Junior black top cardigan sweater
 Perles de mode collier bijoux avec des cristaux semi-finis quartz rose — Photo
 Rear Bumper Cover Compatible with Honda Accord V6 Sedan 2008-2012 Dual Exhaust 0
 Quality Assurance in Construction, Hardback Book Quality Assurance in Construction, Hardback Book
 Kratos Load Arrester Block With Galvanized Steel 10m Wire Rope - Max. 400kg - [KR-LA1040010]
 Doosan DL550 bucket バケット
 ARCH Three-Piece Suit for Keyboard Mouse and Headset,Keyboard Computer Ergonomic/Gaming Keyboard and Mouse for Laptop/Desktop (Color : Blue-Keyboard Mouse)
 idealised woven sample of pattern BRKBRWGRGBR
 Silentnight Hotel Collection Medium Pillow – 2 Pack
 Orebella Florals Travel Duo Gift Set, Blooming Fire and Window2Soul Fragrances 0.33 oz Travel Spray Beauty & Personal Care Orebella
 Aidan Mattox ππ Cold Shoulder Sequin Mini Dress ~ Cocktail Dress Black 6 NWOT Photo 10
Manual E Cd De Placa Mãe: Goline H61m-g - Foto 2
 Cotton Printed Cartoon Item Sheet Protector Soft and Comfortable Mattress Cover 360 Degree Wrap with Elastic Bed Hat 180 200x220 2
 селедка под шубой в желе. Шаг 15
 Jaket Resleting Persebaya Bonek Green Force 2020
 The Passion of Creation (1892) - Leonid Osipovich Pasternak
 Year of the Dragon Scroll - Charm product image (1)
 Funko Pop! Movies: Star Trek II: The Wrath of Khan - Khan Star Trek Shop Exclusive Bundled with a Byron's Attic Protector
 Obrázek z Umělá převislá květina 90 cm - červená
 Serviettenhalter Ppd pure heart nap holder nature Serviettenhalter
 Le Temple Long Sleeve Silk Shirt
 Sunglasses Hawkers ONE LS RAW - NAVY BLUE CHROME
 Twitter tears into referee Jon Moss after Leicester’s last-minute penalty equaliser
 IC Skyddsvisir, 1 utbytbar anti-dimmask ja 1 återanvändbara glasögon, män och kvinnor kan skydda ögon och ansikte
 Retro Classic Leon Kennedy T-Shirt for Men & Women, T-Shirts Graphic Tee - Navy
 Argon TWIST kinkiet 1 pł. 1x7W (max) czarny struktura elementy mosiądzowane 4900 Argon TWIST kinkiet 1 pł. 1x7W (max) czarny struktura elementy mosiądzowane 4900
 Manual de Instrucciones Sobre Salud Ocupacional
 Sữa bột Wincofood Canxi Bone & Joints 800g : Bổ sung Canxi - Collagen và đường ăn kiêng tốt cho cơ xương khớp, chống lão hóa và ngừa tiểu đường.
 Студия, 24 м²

__WHAT YOU WILL DO__. Count each line of the data where the word "Manual" appears, then reply with the total only.

__TASK SOLUTION__. 2